I have to wonder WHY this utterly insane decision was made not to include record numbers in syncing. It makes the entire sync/share feature… virtually useless. Essentially, it means you have a synced library which is not synced.
Working with formatted citations as suggested above is NOT a useful option in a program like Word, for several reasons:
- It’s horribly slow. Having to wait 30 seconds for the entire bibliography to be recreated every time you need to add or change a citation in a document is completely unworkable
- It’s prone to errors that will either cause mistakes in output or corrupted documents
- It requires that EndNote is installed on all contributors’ machines
There is a reason unformatted citations are there – they are so much faster, safer and more practical to work with when several people collaborate on the same document.
But they also require record numbers to remain accurate across computers – which is not, it seems, possible. Why on earth would unformatted citations be made to rely on precisely the one piece of information that is not synced in a synced library? The sheer insanity of this boggles the mind!
Anyway, now that I’ve ranted and raved for a bit, perhaps someone can help me figure out a solution for my current problem:
I’m currently editing a book together with another editor. The book comprises ten chapters written by eight different authors. The final product must have one joint bibliography for all chapters at the end of the book. Most of the authors do not have access to EndNote at all and don’t know how it works. Myself and the other editor maintain a synced and shared EndNote library containing all references from all ten chapters. The library currently has about 6,000 sources, and it is not uncommon to have more than one source where author name and year of publication are identical (i.e., what will show up as Smith 2018a and Smith 2018b).
Several of the chapters are very long (some over 150 pages) and on average have perhaps eight or ten citations per page – so probably over a thousand in a single file. Working with formatted citations in these documents is completely impossible because it’s so slow. And of course, if an author, when working through a round of proofs, fixes something in a formatted citation by simply replacing the text, that change is obliterated the next time anyone makes any kind of actual EndNote change – something we cannot risk. So formatted citations are right out, and we’ve been working with unformatted citations as much as possible.
The chapters are currently in separate files, each file going back and forth between editors and authors for proofs; but in the end they will have to be combined into a single file in order to create correct formatting for citations and the joint bibliography across the entire book, before being imported into InDesign for proper typesetting. This will be my job, and it’s what has me really worried.

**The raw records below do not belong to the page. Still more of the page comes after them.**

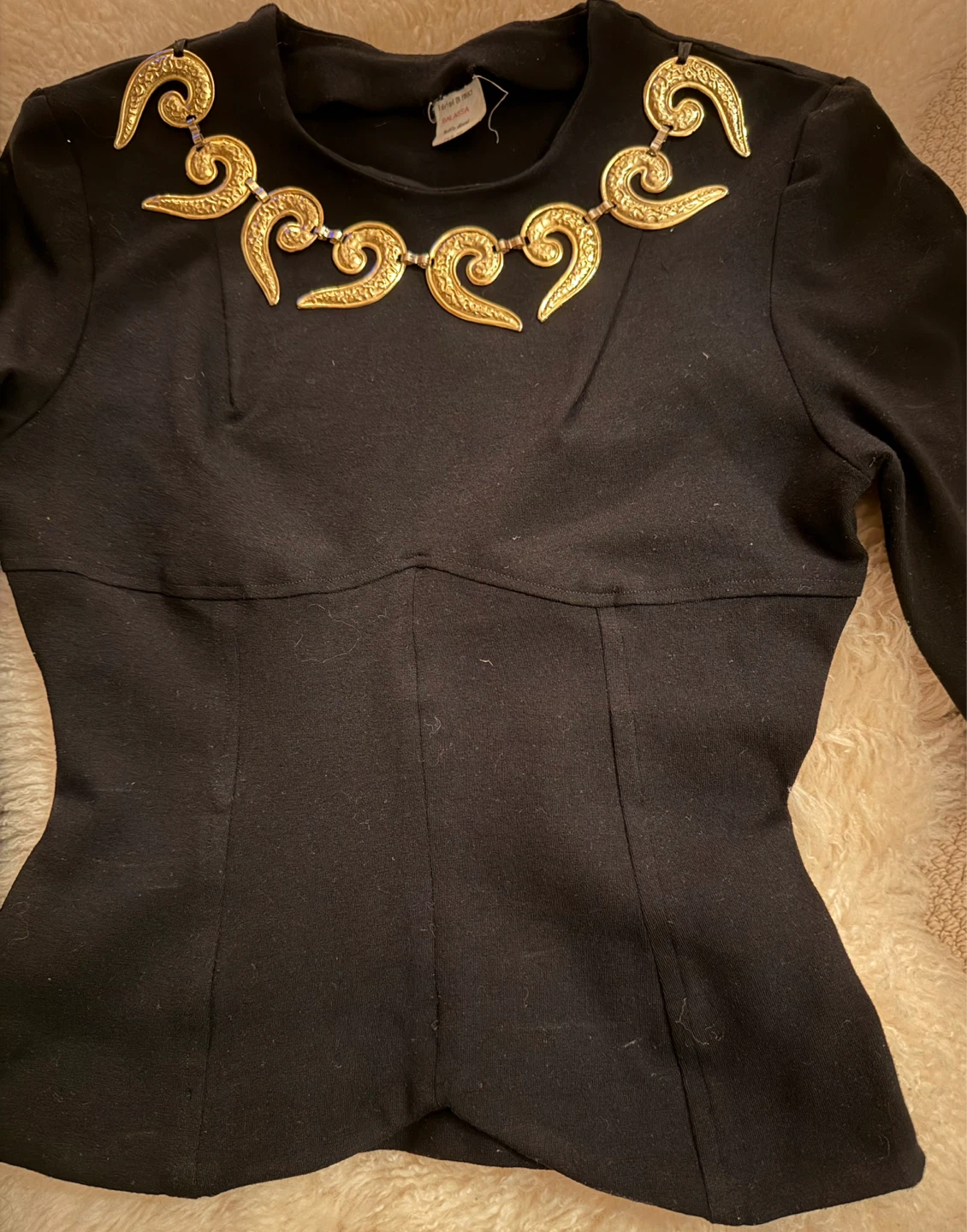 Black Top with Gold Necklace Detail - photo 2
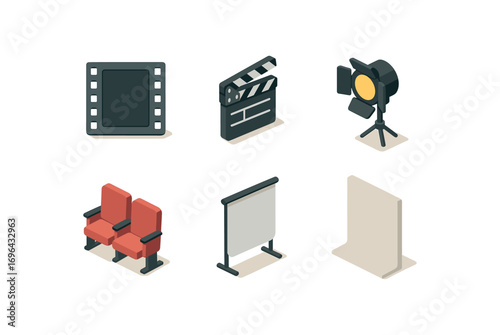isometric icon items isolated on white background scene film frame clapper board spotlight chair set backdrop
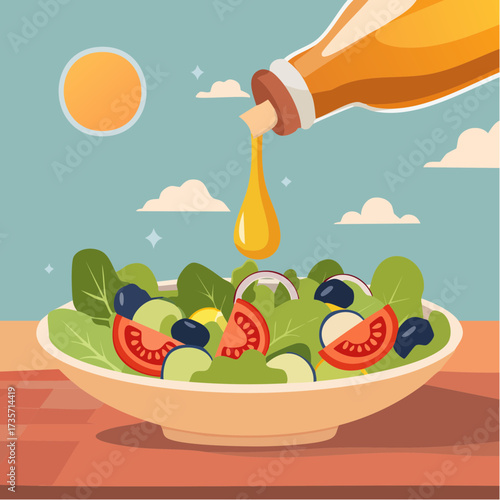 Olive oil poured on fresh salad, kitchen setting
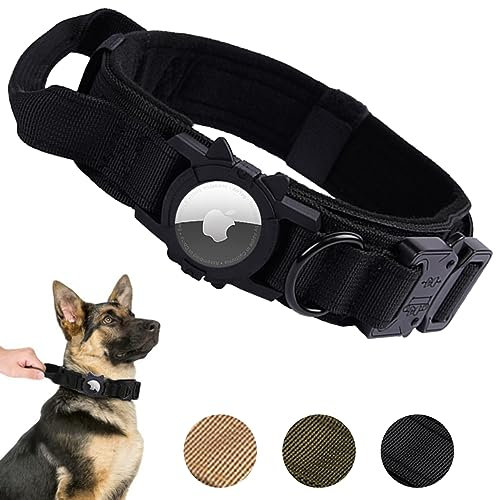 Obyllato Tactical AirTag Hundehalsband, Militärisches Hundehalsband mit Apple Air Tag Halterung und Griff, Verstellbares GPS-Hundehalsband für mittelgroße Hunde, Schwarz, M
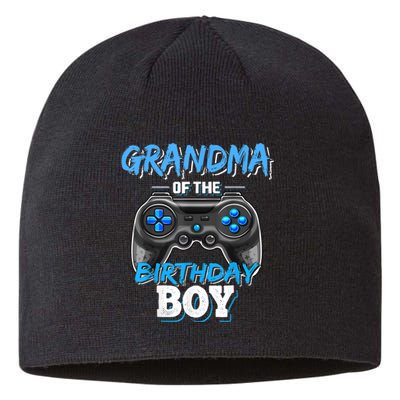 Grandma Of The Birthday Boy Matching Video Game Birthday Sustainable Beanie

Since EndNote references have been added by two different people, using a synced library whose record numbers apparently don’t match as we had just assumed they would, it seems likely that many, many citations will end up having an incorrect record number in the unformatted citations in the document. This will prompt EndNote to ask me to manually choose the appropriate source in each case that cannot be unambiguously detected by author + year + record number.
In cases where there is only one possible match, this will mean that the final formatting will take a long time (manually confirming thousands of citations), but it shouldn’t cause any serious structural issues. If I could be sure there are no ambiguities, I could just delete all the record numbers, since EndNote will at least properly match an unambiguous citation by author + year alone.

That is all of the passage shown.